How is the men's footwear industry evolving? "As the movement back towards quality of product rather than branded design continues, traditional manufacturing locations such as those in Maine, Portugal and Italy are seeing a resurgence. Also, material usage within the shoes themselves continues to develop, especially in the sports-shoe market. Nike fly-knit is one well-publicised example. I can only see this accelerating as the input materials for 3D printing improve."
Luxury trainers have become a huge market. What niches have emerged? "Collaborations and relaunches of classics continue to catch the headlines.
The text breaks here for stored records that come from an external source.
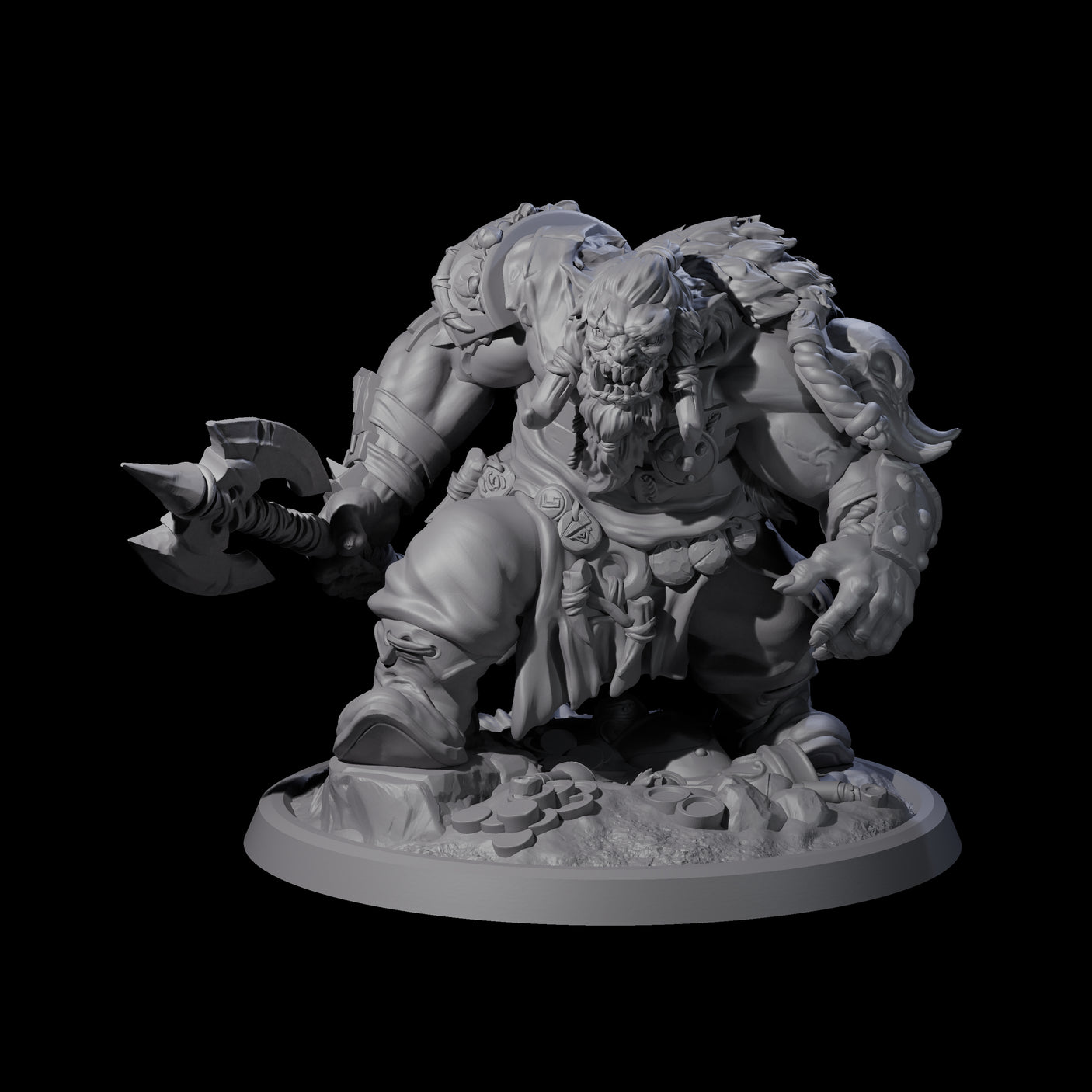 Four Squat Grinning Ogres Miniature for Dungeons and Dragons, Pathfinder or other TTRPGs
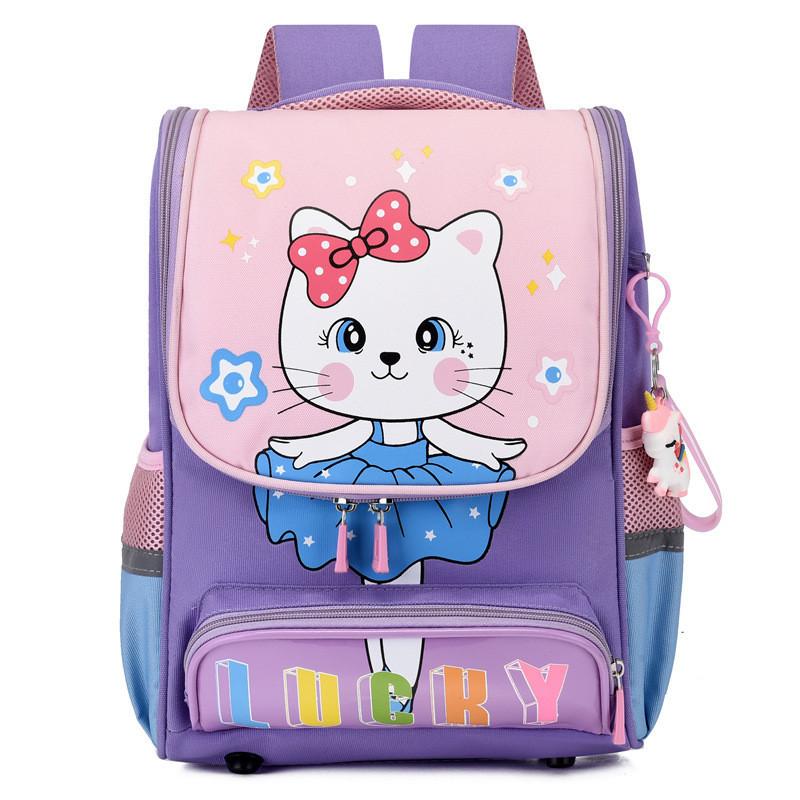 Cute Space-themed School Backpack For Boys And Girls Durable Nylon Elementary Bag With Padded Straps фиолетовый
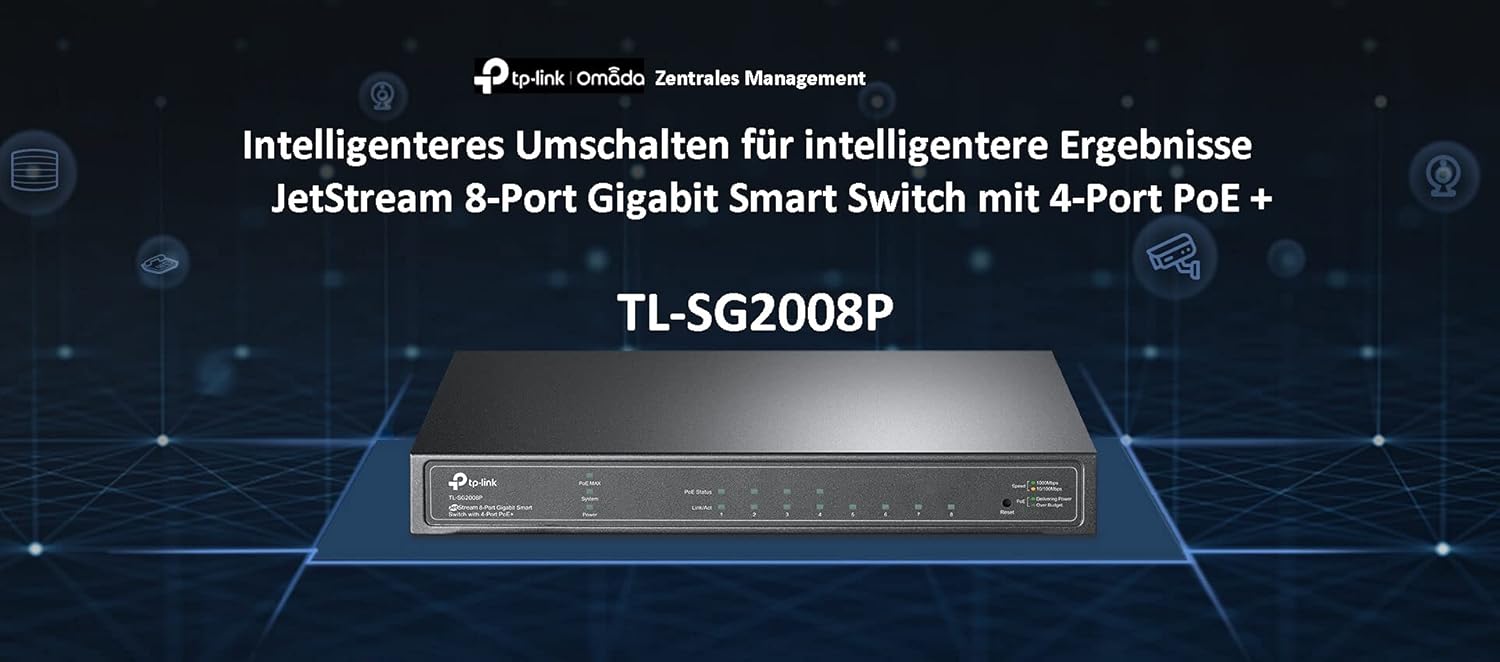 Switch Gerível TP-Link Omada TL-SG2008P 8 Portas/ RJ-45 10/100/1000/ PoE - Imagem 4
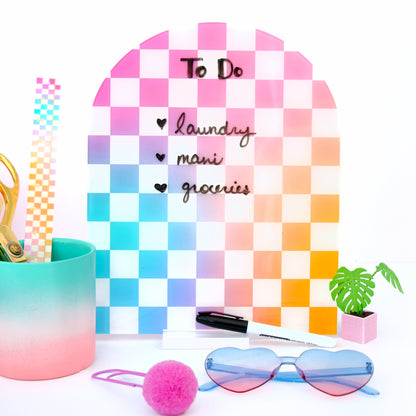 Ombre Checkerboard arch dry erase acrylic memo board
There is a definite movement towards semi-formality married with the highest standard of production and material selection as men become more free to don footwear of their choosing given the modern working environment. Brands are reinventing retro shapes with a modern, more avant-garde twist. Also, sportswear being made using methods usually reserved for luxury products is being seen more and more."
Tell us a little about your latest collection. "The collection is called Journey to Wakkanai. The [collection's] palette and textural references are inspired by Japan's north island winter. We describe the journey from Hokkaido's Northern Circuit through to Wakkanai, the northernmost tip of the country, so the winter white frosts and deep dark nights there have been reflected, with matt finishes, to provide the core of the range."
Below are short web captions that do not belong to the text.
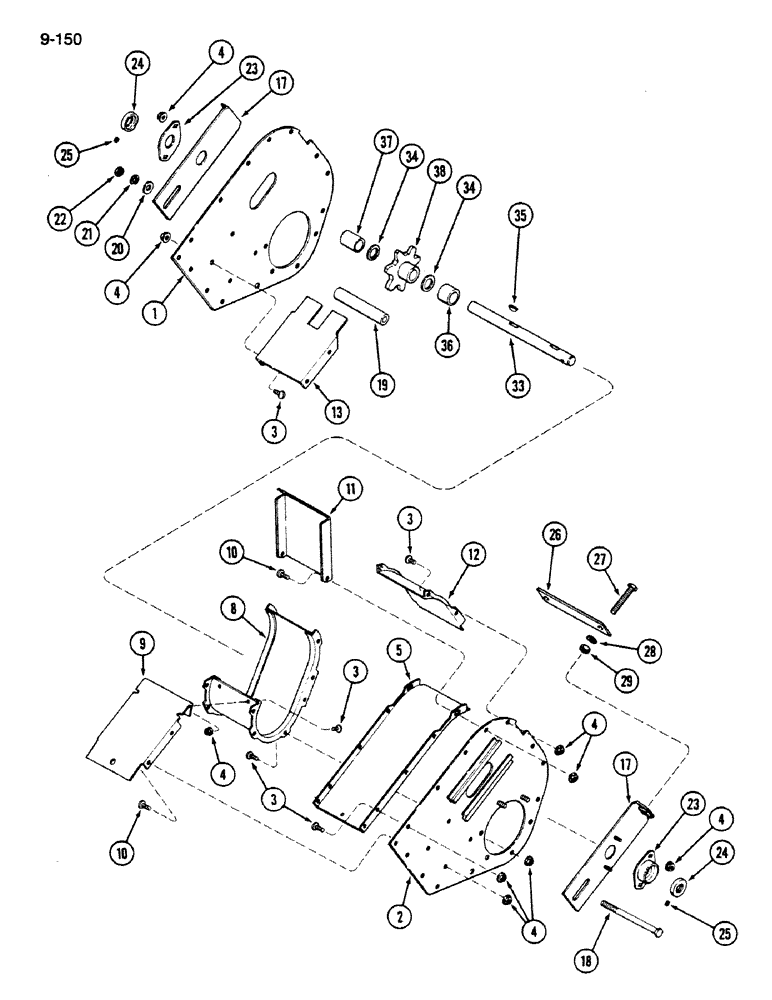 Схема запчастей Case IH 1620 - (9-150) - TAILINGS ELEVATOR HEAD (16) - GRAIN ELEVATORS & AUGERS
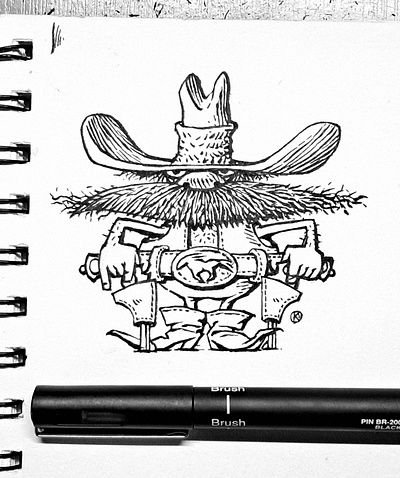 Inktober 2025 #1: mustache black and white cartoon daily ink inktober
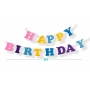 Paper garland PARTY GO Happy Birthday, 3m, mix of colours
Why did you shift production to Italy? "We made a decision to create/craft our collections without any hint of compromise. The Tuscan factory we chose produces some of the finest footwear - semi-formal as well as formal shoes - in the world. The guys there are real artisans; it's a treat watching them take two days to hand-craft each pair."
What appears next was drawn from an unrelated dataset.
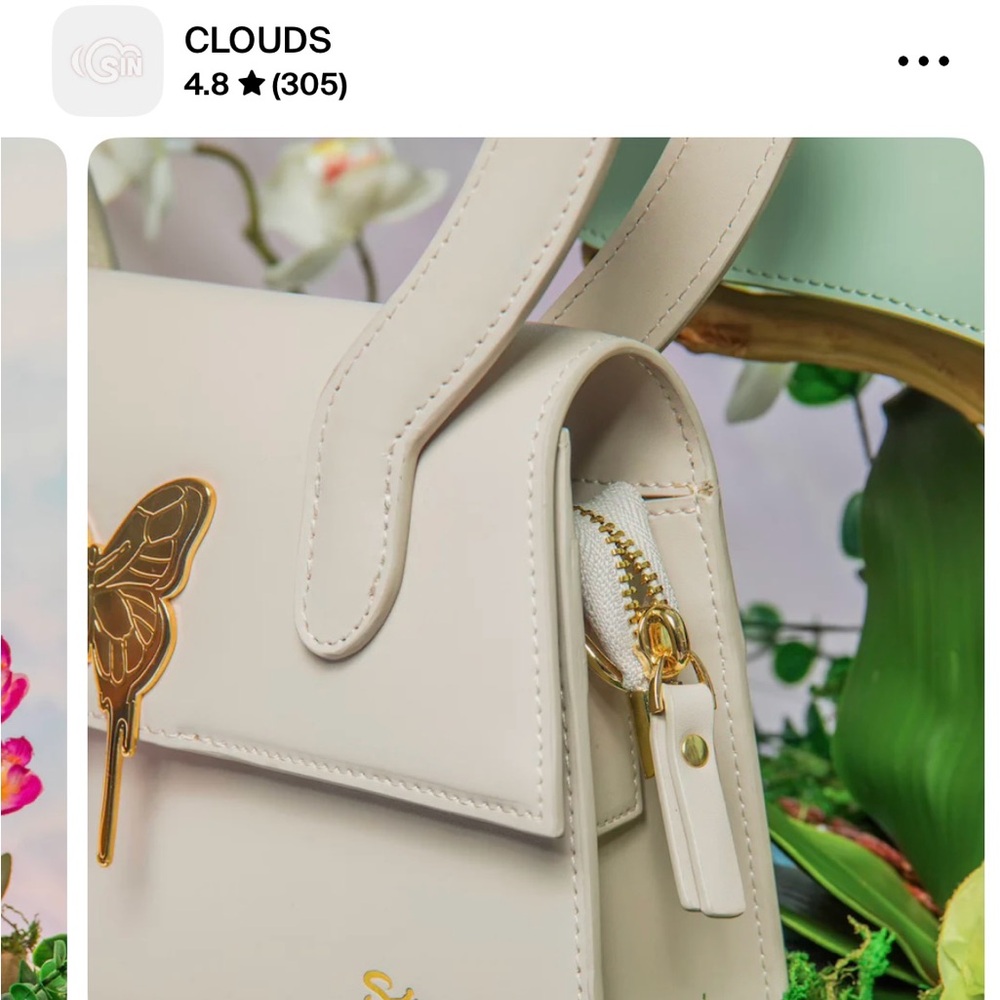 CLOUDS Pastel Handbag with Gold Butterfly Accent - Picture 2 of 3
What are the pros and cons to running a fashion business out of Hong Kong? "This may sound surprising but it has little to do with the commercial aspects of the business as there is, in our experience, less support from the banking community or government for small firms over here than there is in Europe or the United States, for example. Brands have and are still built in Europe's traditional capital cities such as Paris, Milan and London, as they continue to be a shop window to the world."
Which city, would you say, is the capital of men's style? "I'm not convinced there is one city any more. Each city has it's own music and artistic and cultural references, though, so we're some way off a global cookie-cutter high street, thank goodness.
"But if pushed I would say Paris. Life is nothing without variety. It's great to see a group of guys who dress so differently from each other yet are comfortable with that fact."